“The compelling story of two outsiders striving to find their place in an unforgiving world. Drifters in search of work, George and his simple-minded friend Lennie have nothing in the world except each other and a dream–a dream that one day they will have some land of their own. Eventually they find work on a ranch in California’s Salinas Valley, but their hopes are doomed as Lennie, struggling against extreme cruelty, misunderstanding and feelings of jealousy, becomes a victim of his own strength” (GoodReads).
When I was thirteen, my mom “made” me read Of Mice and Men. It wasn’t like you could really “make” me read anything; honestly, I’d read whatever I could get my hands on. I wasn’t picky. However, I was sticking to the same genre (Harry Potter’s it’s own genre, right? Just kidding…).
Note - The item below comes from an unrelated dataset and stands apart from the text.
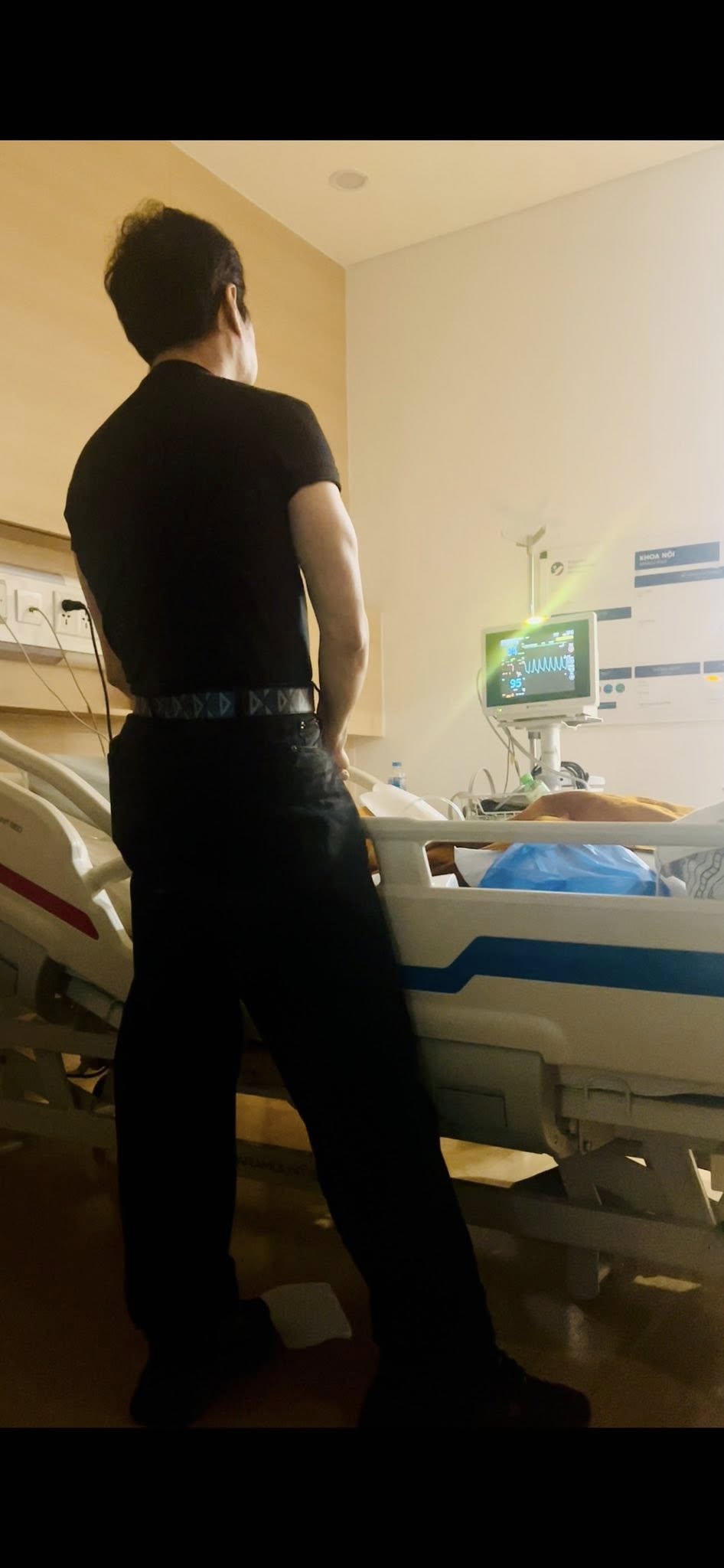 Ngọc Sơn đăng loạt ảnh với tiến sĩ Hồ Nhân, xót xa: "Mong kiếp sau chúng ta vẫn được là anh em"- Ảnh 3. Ngọc Sơn đăng loạt ảnh với tiến sĩ Hồ Nhân, xót xa: "Mong kiếp sau chúng ta vẫn được là anh em"- Ảnh 3.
Anyway, my mom gave me this book to read, and I read it in a day. I was engrossed, even though it wasn’t something I’d normally pick up for myself. I usually picked up fantasy or supernatural books as a kid. I wasn’t all that crazy about realistic fiction.
Of Mice and Men was different for me. It’s one of those books I’ve reread several times. I found myself absorbed in Lennie and George’s friendship. It was so pure. I think that’s what I liked most about it, their friendship. To me, it’s the true driver of the novel. It isn’t as much about the plot as it is about their relationship and George’s duty to Lennie.
Most of all, it’s a book that won’t leave you. It’s just so emotionally powerful, and those are my favorite kinds of books. If you haven’t yet, check it out from the library, borrow it from a friend, buy it. Because honestly, I think it’s one of those books you should just read.